In an examination, the ratio of the number of candidates who passed, to those who failed was 5:2. If the mumber of failed candidates had been 14 more, then the ratio of the number of passed candidates to those who failed would have been 4 : 3. How many candidates passed the examination?

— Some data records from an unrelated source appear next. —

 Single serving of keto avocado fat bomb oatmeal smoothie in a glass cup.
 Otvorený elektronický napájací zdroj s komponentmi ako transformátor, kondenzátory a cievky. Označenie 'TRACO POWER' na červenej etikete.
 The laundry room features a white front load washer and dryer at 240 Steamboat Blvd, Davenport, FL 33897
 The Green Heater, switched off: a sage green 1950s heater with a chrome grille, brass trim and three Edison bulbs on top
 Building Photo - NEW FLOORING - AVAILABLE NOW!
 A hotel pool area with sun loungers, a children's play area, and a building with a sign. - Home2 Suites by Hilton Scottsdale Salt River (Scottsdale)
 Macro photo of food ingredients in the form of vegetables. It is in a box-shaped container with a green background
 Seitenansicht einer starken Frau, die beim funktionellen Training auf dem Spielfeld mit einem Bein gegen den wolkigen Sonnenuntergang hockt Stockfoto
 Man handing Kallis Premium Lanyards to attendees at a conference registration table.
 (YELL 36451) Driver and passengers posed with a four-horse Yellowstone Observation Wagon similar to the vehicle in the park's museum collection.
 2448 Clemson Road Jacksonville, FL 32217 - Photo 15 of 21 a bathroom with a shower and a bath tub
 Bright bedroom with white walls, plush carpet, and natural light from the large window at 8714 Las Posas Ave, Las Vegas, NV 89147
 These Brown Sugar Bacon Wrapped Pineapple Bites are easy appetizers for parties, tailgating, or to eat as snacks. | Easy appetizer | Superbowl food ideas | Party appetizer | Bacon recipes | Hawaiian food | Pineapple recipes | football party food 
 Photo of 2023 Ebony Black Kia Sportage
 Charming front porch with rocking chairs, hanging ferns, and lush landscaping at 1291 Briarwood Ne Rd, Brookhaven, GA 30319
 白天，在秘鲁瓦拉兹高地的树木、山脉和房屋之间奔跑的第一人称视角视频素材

To solve the problem step by step, we will use algebraic expressions based on the information provided in the question. ### Step 1: Define Variables Let the number of candidates who passed the examination be \( P \) and the number of candidates who failed be \( F \). According to the problem, the ratio of passed to failed candidates is given as: \[ \frac{P}{F} = \frac{5}{2} \] This can be expressed in terms of a variable \( x \): \[ P = 5x \quad \text{and} \quad F = 2x \] **Hint:** Use variables to represent the quantities based on the given ratio. ### Step 2: Adjust the Number of Failed Candidates The problem states that if the number of failed candidates had been 14 more, the new ratio of passed to failed candidates would be: \[ \frac{P}{F + 14} = \frac{4}{3} \] Substituting the expressions for \( P \) and \( F \): \[ \frac{5x}{2x + 14} = \frac{4}{3} \] **Hint:** Set up the new ratio based on the change in the number of failed candidates. ### Step 3: Cross Multiply to Solve for \( x \) Cross-multiplying gives us: \[ 5x \cdot 3 = 4 \cdot (2x + 14) \] This simplifies to: \[ 15x = 8x + 56 \] **Hint:** Use cross-multiplication to eliminate the fractions. ### Step 4: Isolate \( x \) Now, isolate \( x \) by subtracting \( 8x \) from both sides: \[ 15x - 8x = 56 \] This simplifies to: \[ 7x = 56 \] Now, divide both sides by 7: \[ x = 8 \] **Hint:** Rearranging the equation helps to isolate the variable. ### Step 5: Calculate the Number of Passed Candidates Now that we have \( x \), we can find the number of candidates who passed: \[ P = 5x = 5 \cdot 8 = 40 \] **Hint:** Substitute back the value of \( x \) to find the required quantity. ### Conclusion The number of candidates who passed the examination is \( \boxed{40} \).